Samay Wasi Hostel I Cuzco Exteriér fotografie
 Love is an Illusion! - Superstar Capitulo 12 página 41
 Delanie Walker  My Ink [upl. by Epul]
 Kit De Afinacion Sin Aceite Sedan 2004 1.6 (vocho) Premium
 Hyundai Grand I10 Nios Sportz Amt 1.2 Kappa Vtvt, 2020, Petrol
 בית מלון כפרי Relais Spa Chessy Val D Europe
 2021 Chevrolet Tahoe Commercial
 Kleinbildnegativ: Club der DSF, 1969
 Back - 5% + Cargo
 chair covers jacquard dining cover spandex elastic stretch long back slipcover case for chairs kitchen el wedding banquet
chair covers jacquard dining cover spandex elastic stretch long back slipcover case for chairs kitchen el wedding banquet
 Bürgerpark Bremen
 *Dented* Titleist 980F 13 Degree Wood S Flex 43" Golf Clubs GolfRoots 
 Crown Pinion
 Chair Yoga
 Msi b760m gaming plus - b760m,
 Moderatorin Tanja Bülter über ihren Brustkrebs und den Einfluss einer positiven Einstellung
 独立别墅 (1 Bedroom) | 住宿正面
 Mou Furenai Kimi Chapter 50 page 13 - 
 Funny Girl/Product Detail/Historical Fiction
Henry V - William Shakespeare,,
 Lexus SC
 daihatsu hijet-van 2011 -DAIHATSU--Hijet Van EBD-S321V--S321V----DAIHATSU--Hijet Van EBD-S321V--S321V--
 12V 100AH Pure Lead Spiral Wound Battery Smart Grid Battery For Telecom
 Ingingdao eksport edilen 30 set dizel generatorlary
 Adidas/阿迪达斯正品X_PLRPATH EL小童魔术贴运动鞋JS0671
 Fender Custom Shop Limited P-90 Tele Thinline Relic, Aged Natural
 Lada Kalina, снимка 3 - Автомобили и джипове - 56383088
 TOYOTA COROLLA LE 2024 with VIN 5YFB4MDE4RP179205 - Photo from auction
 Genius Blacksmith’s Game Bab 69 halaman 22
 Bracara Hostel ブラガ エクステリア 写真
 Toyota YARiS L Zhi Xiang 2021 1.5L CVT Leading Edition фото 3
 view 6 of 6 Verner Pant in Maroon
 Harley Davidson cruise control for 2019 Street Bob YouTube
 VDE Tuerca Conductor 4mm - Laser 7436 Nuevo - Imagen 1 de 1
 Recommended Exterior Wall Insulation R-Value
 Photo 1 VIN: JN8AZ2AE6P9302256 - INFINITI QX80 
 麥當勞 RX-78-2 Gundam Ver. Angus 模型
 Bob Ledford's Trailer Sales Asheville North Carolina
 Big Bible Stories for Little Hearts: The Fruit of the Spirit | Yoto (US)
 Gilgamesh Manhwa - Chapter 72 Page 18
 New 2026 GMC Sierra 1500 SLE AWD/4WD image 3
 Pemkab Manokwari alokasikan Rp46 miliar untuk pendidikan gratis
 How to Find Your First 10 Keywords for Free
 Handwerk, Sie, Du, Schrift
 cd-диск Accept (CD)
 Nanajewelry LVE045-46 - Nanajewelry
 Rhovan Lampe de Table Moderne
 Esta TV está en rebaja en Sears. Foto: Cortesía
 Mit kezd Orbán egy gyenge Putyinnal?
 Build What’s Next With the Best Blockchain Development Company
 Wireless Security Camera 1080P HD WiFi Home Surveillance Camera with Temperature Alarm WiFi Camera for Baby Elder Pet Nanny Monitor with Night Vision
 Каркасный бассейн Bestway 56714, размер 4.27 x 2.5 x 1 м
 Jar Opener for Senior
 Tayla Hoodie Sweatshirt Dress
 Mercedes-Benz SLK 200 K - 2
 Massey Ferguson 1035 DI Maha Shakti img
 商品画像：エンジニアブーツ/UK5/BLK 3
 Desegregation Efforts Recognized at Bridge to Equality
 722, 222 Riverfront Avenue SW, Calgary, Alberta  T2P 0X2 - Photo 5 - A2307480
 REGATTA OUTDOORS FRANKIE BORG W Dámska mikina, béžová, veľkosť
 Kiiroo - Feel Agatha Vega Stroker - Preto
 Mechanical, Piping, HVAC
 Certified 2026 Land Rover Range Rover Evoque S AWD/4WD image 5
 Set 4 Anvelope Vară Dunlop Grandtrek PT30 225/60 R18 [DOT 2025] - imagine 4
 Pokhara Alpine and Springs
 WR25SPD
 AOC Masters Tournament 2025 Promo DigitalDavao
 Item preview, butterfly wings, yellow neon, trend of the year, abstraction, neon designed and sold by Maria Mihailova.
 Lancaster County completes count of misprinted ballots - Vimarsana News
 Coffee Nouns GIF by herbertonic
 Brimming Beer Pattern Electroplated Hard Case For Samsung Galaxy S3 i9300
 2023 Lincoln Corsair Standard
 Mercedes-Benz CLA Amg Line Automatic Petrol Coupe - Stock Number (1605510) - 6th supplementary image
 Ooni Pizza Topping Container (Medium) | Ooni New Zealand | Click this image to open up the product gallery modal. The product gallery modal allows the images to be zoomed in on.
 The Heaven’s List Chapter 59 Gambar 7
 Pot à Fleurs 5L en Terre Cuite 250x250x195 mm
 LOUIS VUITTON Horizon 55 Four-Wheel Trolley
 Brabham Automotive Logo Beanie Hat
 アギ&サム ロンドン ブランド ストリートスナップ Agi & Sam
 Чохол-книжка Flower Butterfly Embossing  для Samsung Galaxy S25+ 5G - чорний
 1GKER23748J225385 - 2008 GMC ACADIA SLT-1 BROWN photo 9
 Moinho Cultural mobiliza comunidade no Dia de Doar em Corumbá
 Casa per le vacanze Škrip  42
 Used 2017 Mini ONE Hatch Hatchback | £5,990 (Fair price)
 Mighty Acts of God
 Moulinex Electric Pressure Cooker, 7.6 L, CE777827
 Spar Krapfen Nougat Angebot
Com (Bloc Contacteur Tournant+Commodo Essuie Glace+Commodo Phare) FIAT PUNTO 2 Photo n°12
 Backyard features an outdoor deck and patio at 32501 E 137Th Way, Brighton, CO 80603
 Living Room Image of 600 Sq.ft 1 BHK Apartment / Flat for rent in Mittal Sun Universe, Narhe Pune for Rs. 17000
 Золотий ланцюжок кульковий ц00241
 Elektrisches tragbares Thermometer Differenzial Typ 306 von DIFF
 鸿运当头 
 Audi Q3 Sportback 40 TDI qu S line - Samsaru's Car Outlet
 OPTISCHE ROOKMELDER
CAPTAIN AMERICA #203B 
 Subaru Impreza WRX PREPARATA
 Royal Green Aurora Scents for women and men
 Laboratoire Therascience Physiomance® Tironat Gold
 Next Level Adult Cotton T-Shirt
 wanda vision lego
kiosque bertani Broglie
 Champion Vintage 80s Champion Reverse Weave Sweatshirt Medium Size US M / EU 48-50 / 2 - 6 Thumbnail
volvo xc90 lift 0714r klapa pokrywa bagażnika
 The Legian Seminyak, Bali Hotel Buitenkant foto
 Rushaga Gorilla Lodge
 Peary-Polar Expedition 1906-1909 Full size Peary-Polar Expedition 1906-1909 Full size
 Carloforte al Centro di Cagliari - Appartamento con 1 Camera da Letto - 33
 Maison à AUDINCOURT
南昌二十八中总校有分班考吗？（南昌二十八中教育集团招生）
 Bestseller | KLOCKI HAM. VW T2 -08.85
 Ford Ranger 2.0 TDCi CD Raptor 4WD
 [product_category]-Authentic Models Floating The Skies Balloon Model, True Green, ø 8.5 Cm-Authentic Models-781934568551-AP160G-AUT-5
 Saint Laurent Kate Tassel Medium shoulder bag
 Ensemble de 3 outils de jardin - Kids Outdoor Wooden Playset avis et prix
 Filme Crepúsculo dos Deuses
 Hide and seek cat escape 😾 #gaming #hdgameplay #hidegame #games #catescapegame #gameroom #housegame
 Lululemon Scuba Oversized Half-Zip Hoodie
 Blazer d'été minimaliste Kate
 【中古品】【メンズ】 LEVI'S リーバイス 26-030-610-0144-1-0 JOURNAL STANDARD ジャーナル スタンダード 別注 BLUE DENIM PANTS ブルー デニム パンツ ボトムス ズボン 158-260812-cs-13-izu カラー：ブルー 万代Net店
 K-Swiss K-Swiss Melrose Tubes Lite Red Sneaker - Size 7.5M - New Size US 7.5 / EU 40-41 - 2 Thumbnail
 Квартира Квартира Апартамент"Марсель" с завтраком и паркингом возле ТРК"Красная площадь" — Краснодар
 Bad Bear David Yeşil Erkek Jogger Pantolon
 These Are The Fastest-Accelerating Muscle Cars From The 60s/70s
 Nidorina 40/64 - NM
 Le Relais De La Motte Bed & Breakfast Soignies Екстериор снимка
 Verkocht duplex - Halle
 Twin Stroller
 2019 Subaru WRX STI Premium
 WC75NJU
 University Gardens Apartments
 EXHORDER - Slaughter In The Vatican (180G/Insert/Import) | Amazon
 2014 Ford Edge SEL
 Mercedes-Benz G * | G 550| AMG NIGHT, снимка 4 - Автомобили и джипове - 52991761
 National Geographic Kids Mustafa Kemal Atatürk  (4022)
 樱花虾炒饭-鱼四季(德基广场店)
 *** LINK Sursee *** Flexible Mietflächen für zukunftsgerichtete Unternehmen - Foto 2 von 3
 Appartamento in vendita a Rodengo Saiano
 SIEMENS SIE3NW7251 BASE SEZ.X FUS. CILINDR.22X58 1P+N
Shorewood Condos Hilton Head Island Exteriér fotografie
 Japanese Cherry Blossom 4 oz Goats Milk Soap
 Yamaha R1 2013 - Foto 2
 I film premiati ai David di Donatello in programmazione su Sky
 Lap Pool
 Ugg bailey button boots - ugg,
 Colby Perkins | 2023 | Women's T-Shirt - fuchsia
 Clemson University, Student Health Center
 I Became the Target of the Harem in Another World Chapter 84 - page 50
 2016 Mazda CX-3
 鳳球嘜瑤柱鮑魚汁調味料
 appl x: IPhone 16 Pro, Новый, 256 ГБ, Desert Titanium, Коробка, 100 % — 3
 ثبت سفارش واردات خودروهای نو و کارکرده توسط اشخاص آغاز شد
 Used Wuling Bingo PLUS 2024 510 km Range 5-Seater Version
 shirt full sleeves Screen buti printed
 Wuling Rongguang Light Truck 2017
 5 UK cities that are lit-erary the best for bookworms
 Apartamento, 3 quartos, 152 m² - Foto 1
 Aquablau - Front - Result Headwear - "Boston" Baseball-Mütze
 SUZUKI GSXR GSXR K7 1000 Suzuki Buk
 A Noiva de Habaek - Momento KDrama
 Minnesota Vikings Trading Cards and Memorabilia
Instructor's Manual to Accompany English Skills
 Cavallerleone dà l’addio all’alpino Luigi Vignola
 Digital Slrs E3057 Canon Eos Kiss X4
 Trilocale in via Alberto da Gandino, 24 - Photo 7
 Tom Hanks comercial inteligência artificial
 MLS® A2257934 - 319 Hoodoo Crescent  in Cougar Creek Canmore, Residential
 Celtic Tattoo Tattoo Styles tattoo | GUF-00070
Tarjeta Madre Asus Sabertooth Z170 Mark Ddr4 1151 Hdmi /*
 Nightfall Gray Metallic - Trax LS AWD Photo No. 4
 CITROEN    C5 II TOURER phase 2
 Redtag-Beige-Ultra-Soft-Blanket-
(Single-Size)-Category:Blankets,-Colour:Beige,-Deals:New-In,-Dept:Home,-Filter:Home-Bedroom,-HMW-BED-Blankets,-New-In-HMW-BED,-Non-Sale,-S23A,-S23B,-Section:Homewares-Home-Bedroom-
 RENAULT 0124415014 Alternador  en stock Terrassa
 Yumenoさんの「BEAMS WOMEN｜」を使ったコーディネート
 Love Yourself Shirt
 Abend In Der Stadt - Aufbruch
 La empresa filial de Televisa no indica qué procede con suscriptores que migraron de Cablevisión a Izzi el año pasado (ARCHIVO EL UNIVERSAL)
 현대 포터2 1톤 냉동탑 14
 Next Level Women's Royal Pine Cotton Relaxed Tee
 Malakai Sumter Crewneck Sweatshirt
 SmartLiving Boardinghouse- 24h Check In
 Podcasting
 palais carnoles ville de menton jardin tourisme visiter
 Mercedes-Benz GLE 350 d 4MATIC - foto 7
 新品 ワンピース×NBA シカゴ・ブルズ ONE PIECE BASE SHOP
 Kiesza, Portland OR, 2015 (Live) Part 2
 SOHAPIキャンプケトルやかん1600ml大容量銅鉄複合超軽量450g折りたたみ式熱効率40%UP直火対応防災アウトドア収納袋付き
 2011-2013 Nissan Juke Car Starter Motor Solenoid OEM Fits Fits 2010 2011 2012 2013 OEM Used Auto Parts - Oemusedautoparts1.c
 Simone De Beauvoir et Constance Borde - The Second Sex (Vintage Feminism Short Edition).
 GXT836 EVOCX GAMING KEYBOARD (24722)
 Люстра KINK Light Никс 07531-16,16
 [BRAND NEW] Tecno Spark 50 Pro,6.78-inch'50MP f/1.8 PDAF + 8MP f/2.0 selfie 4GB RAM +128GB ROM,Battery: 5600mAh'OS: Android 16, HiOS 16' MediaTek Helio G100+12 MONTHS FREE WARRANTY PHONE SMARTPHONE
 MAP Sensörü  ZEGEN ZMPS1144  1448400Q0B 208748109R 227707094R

Try it -> Show every line from the entries above in which "chairs" appears.

Task output ->
 chair covers jacquard dining cover spandex elastic stretch long back slipcover case for chairs kitchen el wedding banquet
chair covers jacquard dining cover spandex elastic stretch long back slipcover case for chairs kitchen el wedding banquet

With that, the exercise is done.